▸ **Available data**:

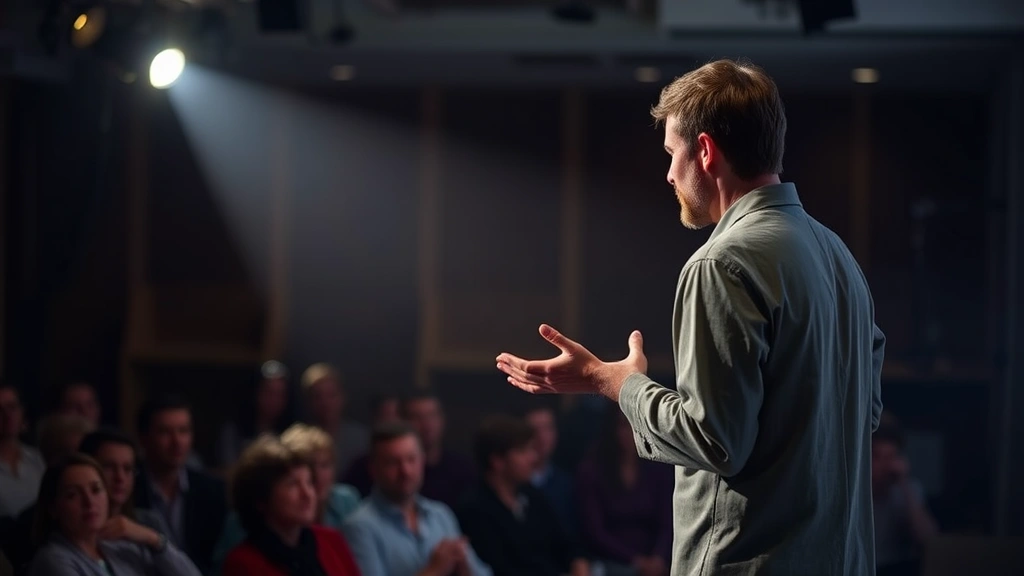 Theatrical performer on stage with spotlight, demonstrating emotional range and character development, audience in soft focus background, capturing the foundation of voice acting craft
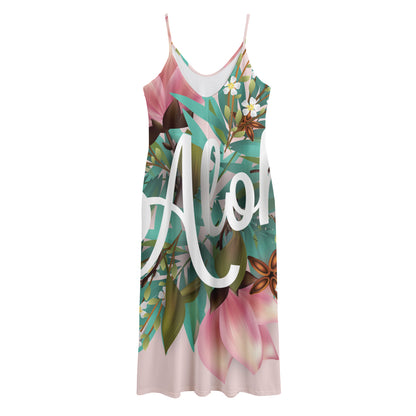 Hawaiian Flower Aloha Print Jersey Midi Cami Dress
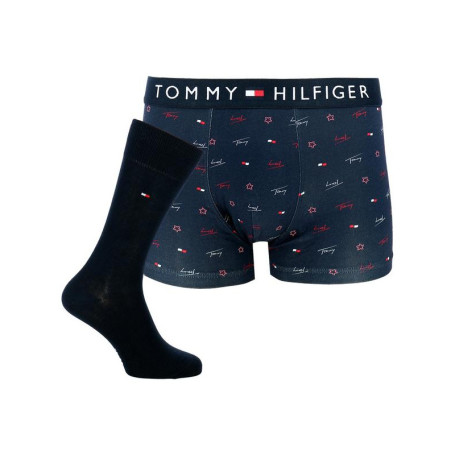 Coffret Boxer et Chaussettes marine en coton...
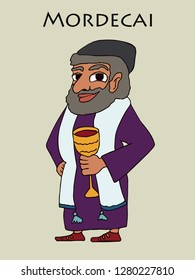 Mordecai cartoon portrait, funny illustration of jewish historical character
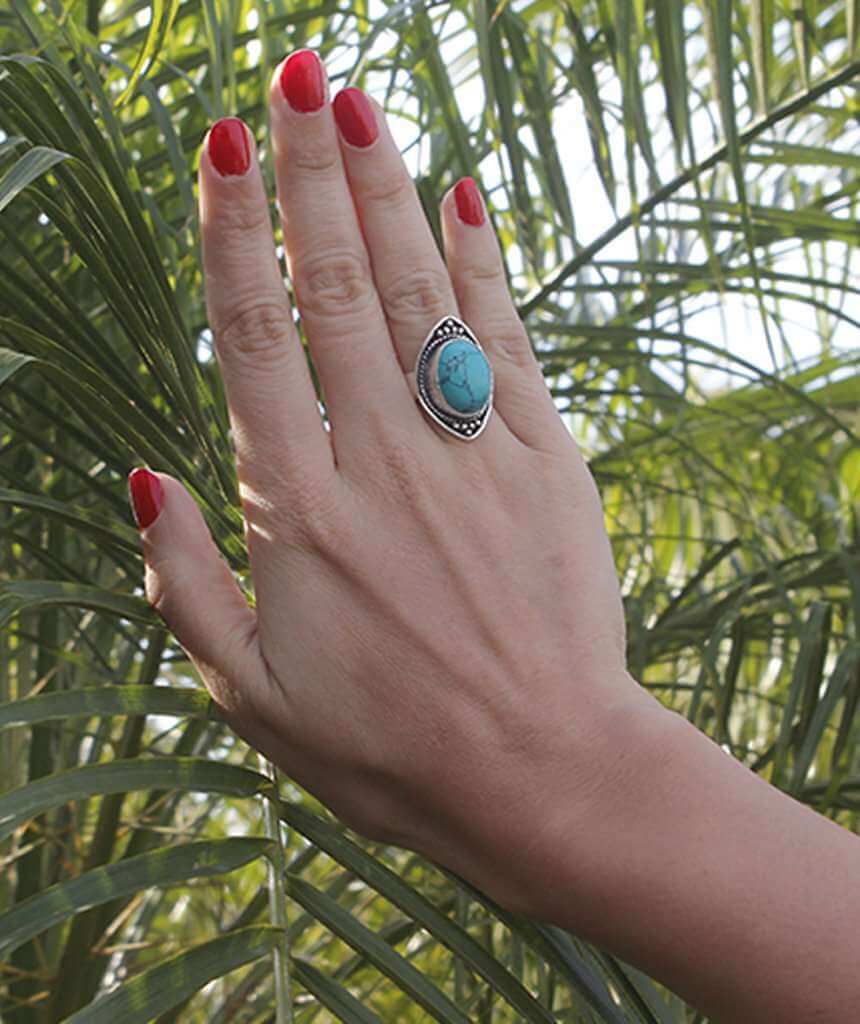Silver Boho Ring with Turquoise Stone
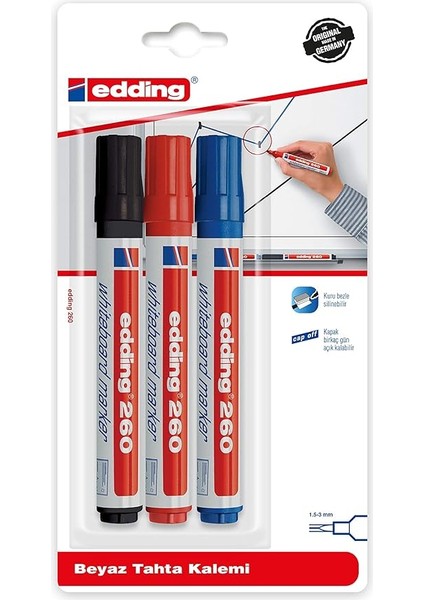 ED260B399 Edding 260 Beyaz Yazı Tahtası Kalemi 3lü Karışık Siyah/kırmızı/mavi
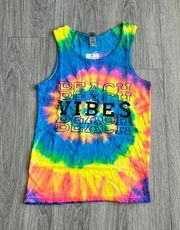 Beach Vibes Rainbow Tie Dye Graphic Tee Tank Top Size Small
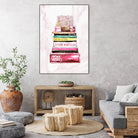 stack of fashion books and a gucci bag by miguel angel romero franco on GIANT ART - pink digital drawing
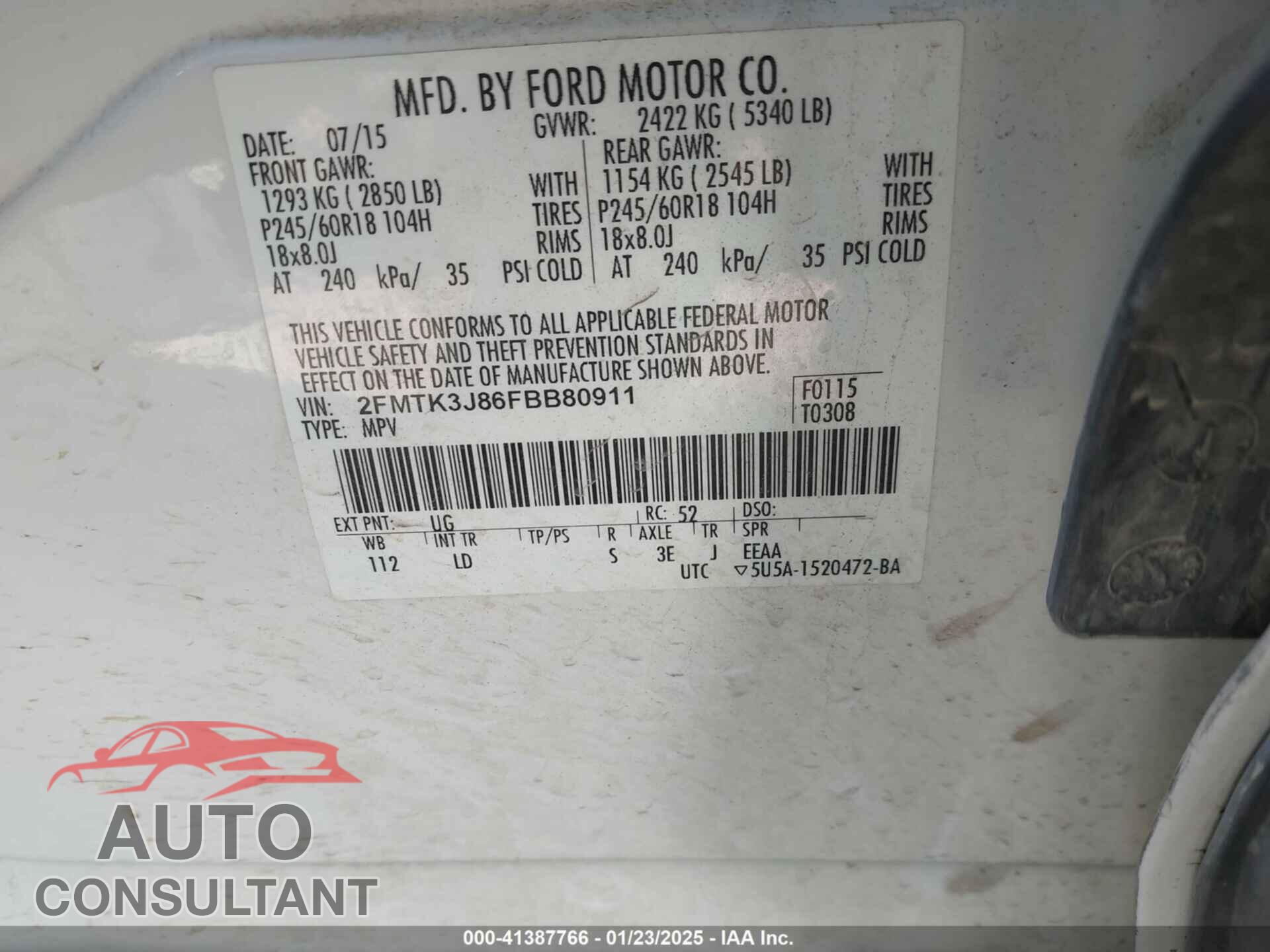 FORD EDGE 2015 - 2FMTK3J86FBB80911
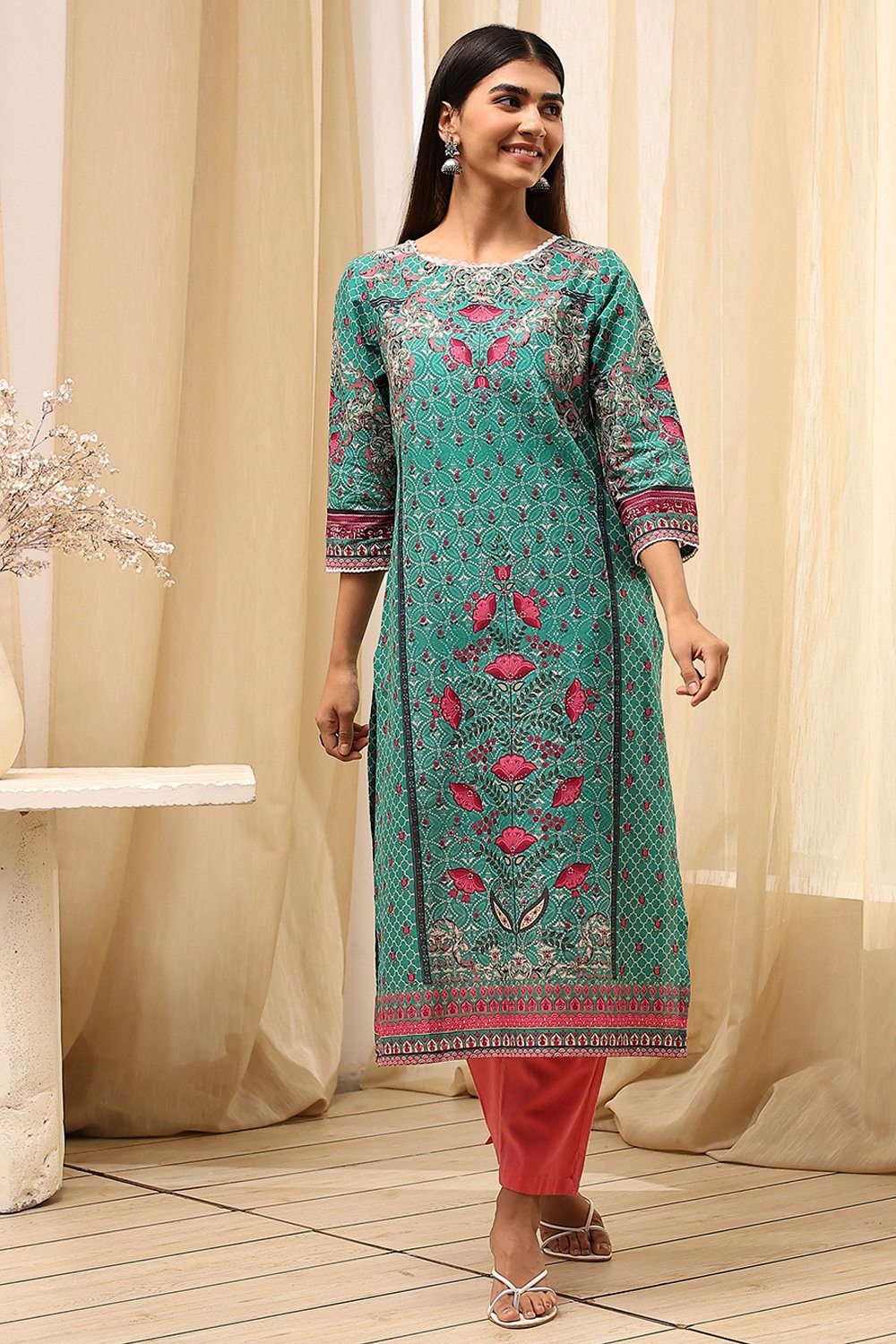 Green Cotton Printed Straight Kurta image number 0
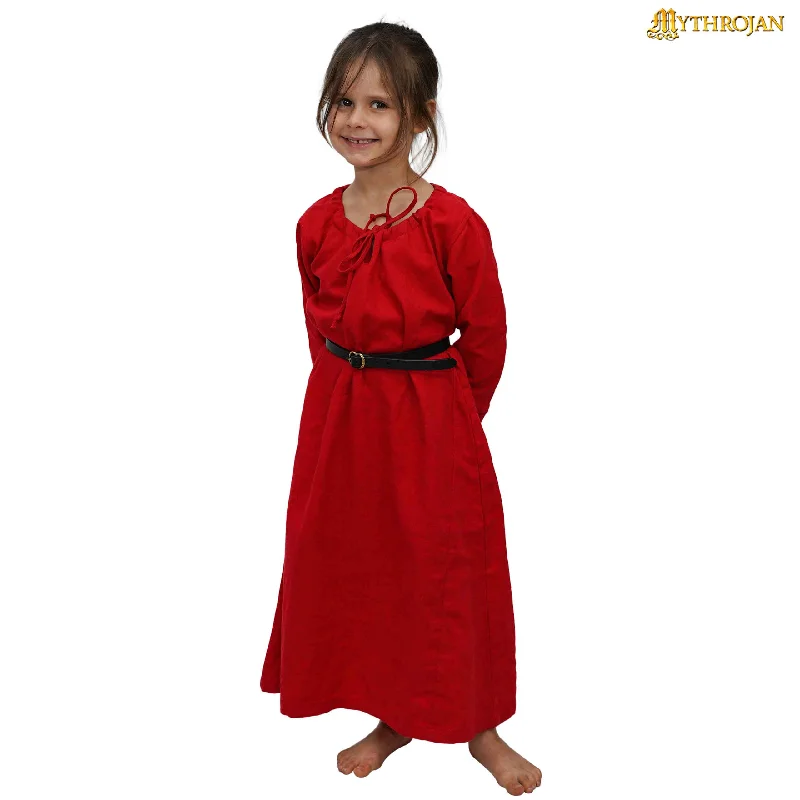 Mythrojan "Maiden Medieval Dress for LARP SCA Renaissance Fair & Reenactment RED Kid Size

▸ **Action item**:
Would you retype the listing above exactly, omitting its pictures?

▸ **Task solution**:
 Theatrical performer on stage with spotlight, demonstrating emotional range and character development, audience in soft focus background, capturing the foundation of voice acting craft
 Hawaiian Flower Aloha Print Jersey Midi Cami Dress
 Coffret Boxer et Chaussettes marine en coton...
 Mordecai cartoon portrait, funny illustration of jewish historical character
Silver Boho Ring with Turquoise Stone
 ED260B399 Edding 260 Beyaz Yazı Tahtası Kalemi 3lü Karışık Siyah/kırmızı/mavi
 Beach Vibes Rainbow Tie Dye Graphic Tee Tank Top Size Small
 stack of fashion books and a gucci bag by miguel angel romero franco on GIANT ART - pink digital drawing
 FORD EDGE 2015 - 2FMTK3J86FBB80911
 Green Cotton Printed Straight Kurta image number 0
 Mythrojan "Maiden Medieval Dress for LARP SCA Renaissance Fair & Reenactment RED Kid Size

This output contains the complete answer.